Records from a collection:
BEGIN

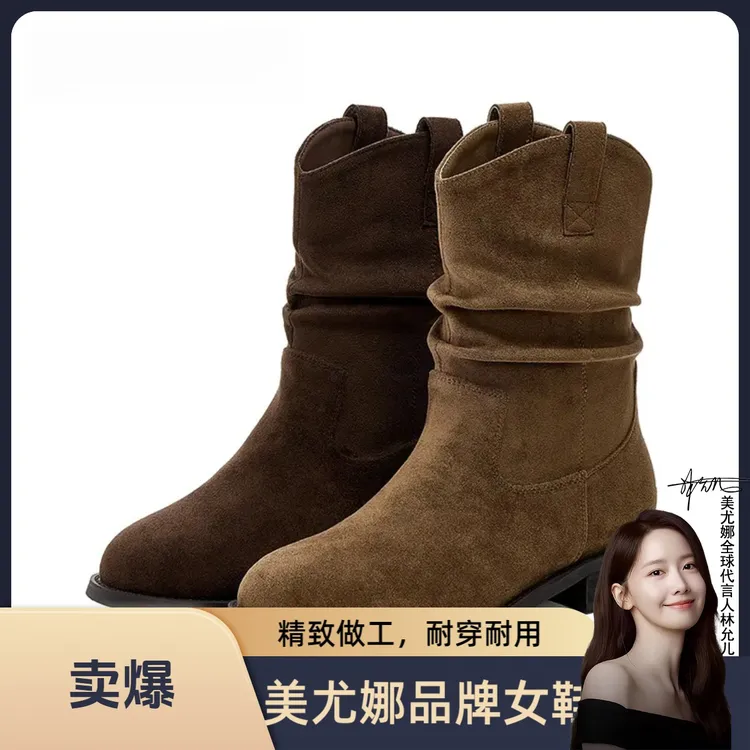 欧诺风褶皱堆堆靴女款2025秋冬新款休闲百搭粗跟时尚显瘦短筒靴Z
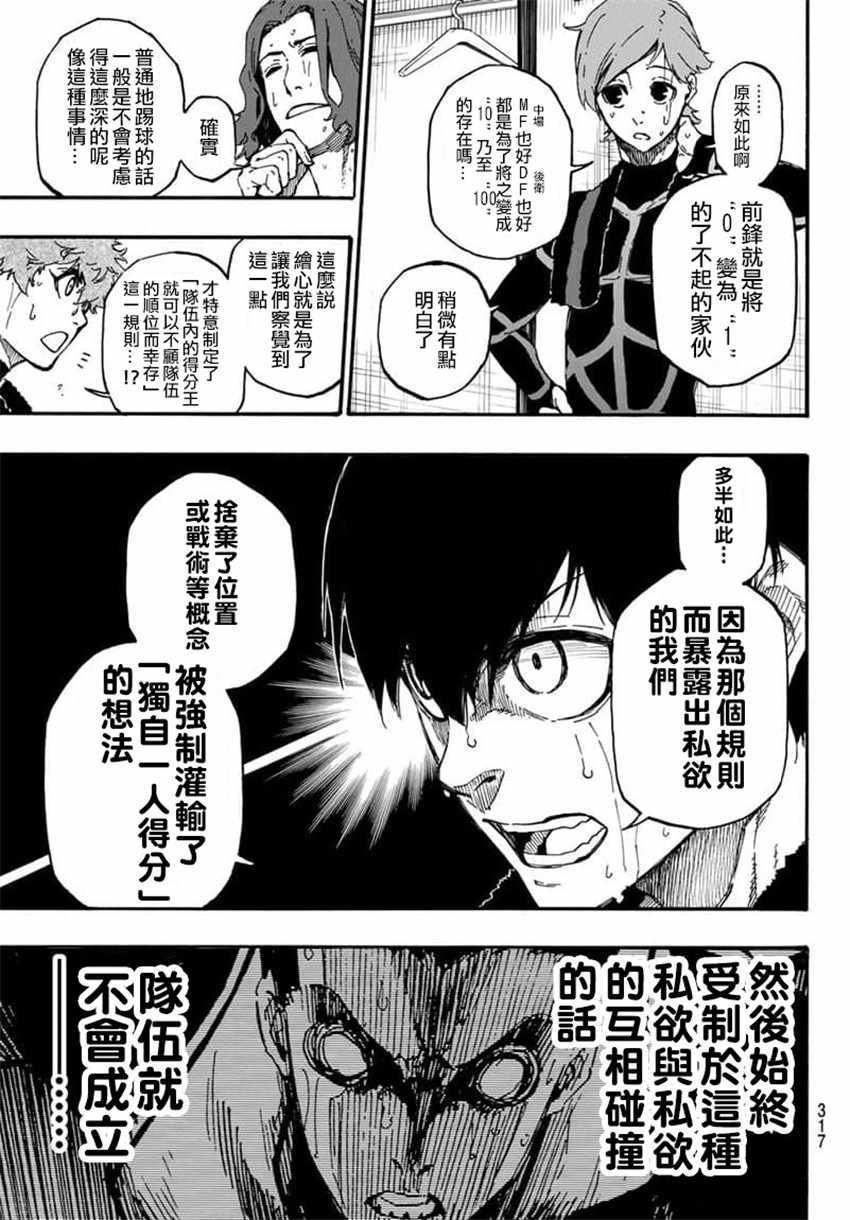 第8话10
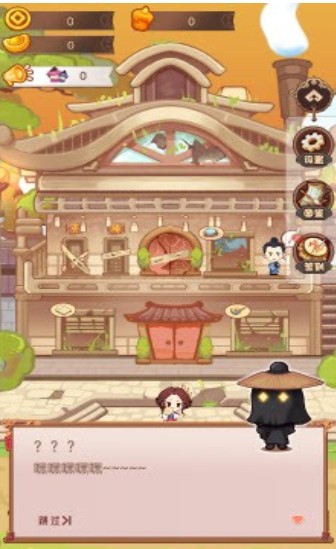 武林小客栈游戏最新版手游app截图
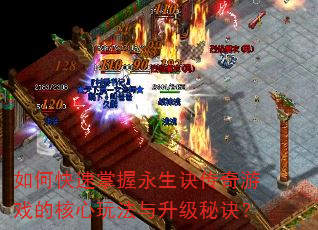如何快速掌握永生诀传奇游戏的核心玩法与升级秘诀? 如何快速掌握永生诀传奇游戏的核心玩法与升级秘诀?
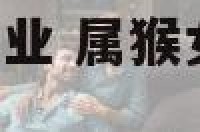 属猴女7月份事业 属猴女2021年7月财运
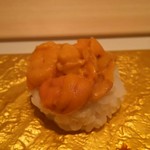 Kinzushi - 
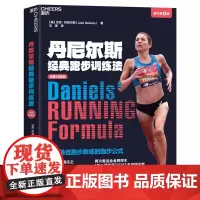 丹尼尔斯经典跑步训练法 世界zui佳跑步教练的跑步公式 三大经典跑法之“乳酸门槛跑”首度详尽阐释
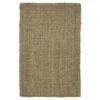 Jute Rug - 100x150cm 1 Jute Rug - 100x150cm -Livora Home Shop 13131173 1794925991408120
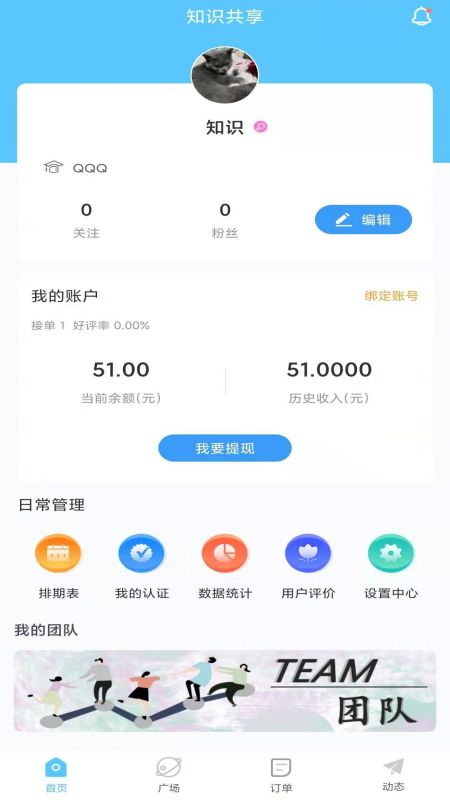 知识共享app图4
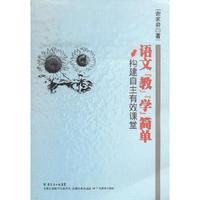 语文教学简单-构建自主有效课堂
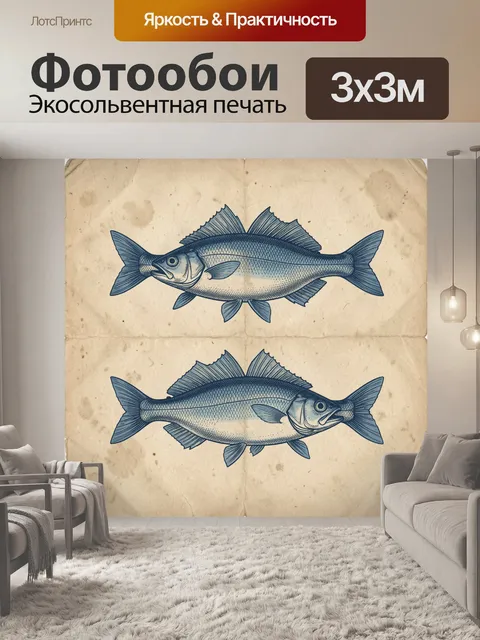 Фотообои Синие рыбы в винтажной гравюре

END

REQUIRED WORK »
Give again exactly the lines from the one holding "语文教学简单-构建自主有效课堂" to the final line of the records, both ends included, and nothing more. Pictures do not belong in the copy.

TASK RESULT »
 语文教学简单-构建自主有效课堂
 Фотообои Синие рыбы в винтажной гравюре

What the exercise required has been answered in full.